> _AIM OF THE EXERCISE_: An exact transcription of all the data is required, with every image removed.

> _PROVIDED MATERIAL_:
---

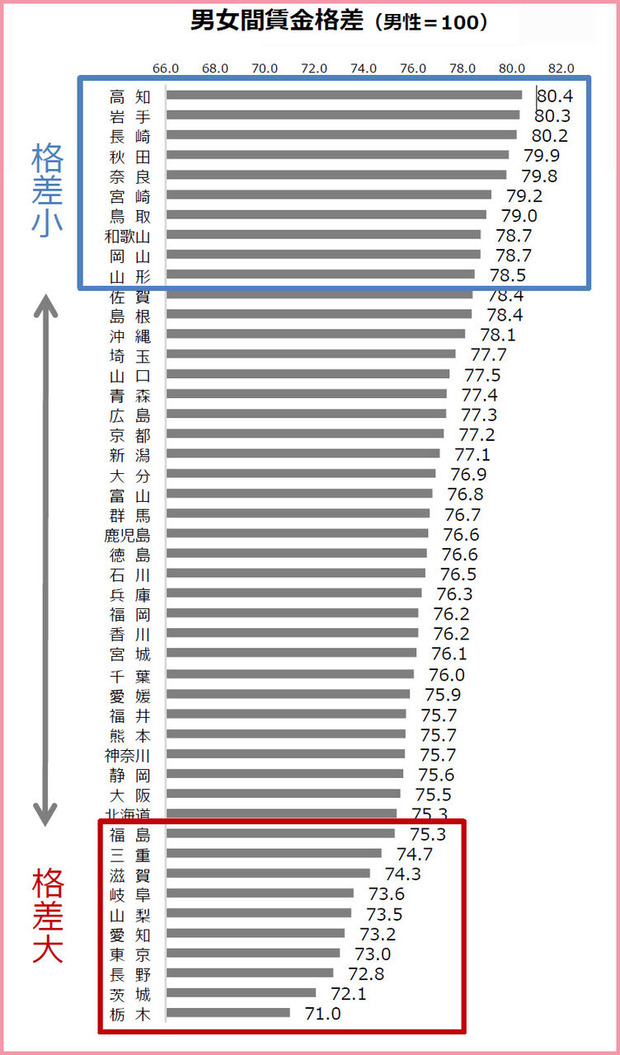 都道府県別男女の賃金格差
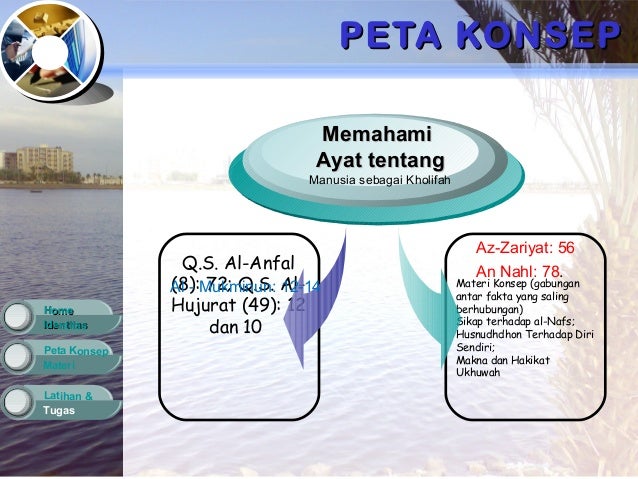 1 Al Qur An Tentang Nafs Dan Husnu Dhon
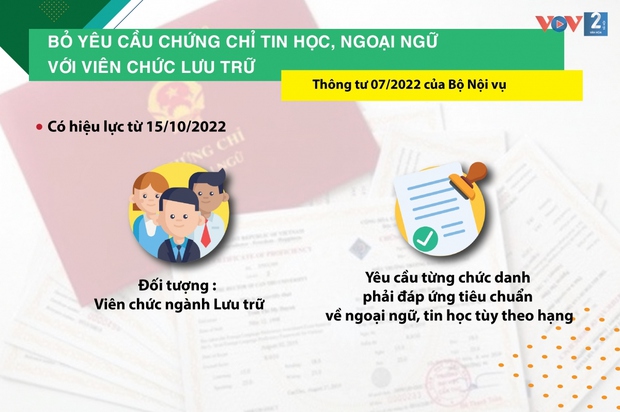  Những chính sách pháp luật có hiệu lực từ tháng 10/2022 - Ảnh 3.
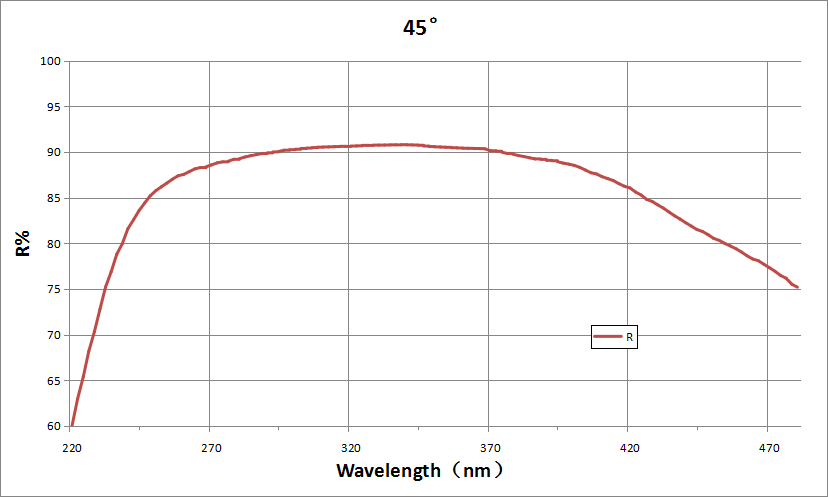 Curve.png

---

> _THE ANSWER_:
 都道府県別男女の賃金格差
 1 Al Qur An Tentang Nafs Dan Husnu Dhon
  Những chính sách pháp luật có hiệu lực từ tháng 10/2022 - Ảnh 3.
 Curve.png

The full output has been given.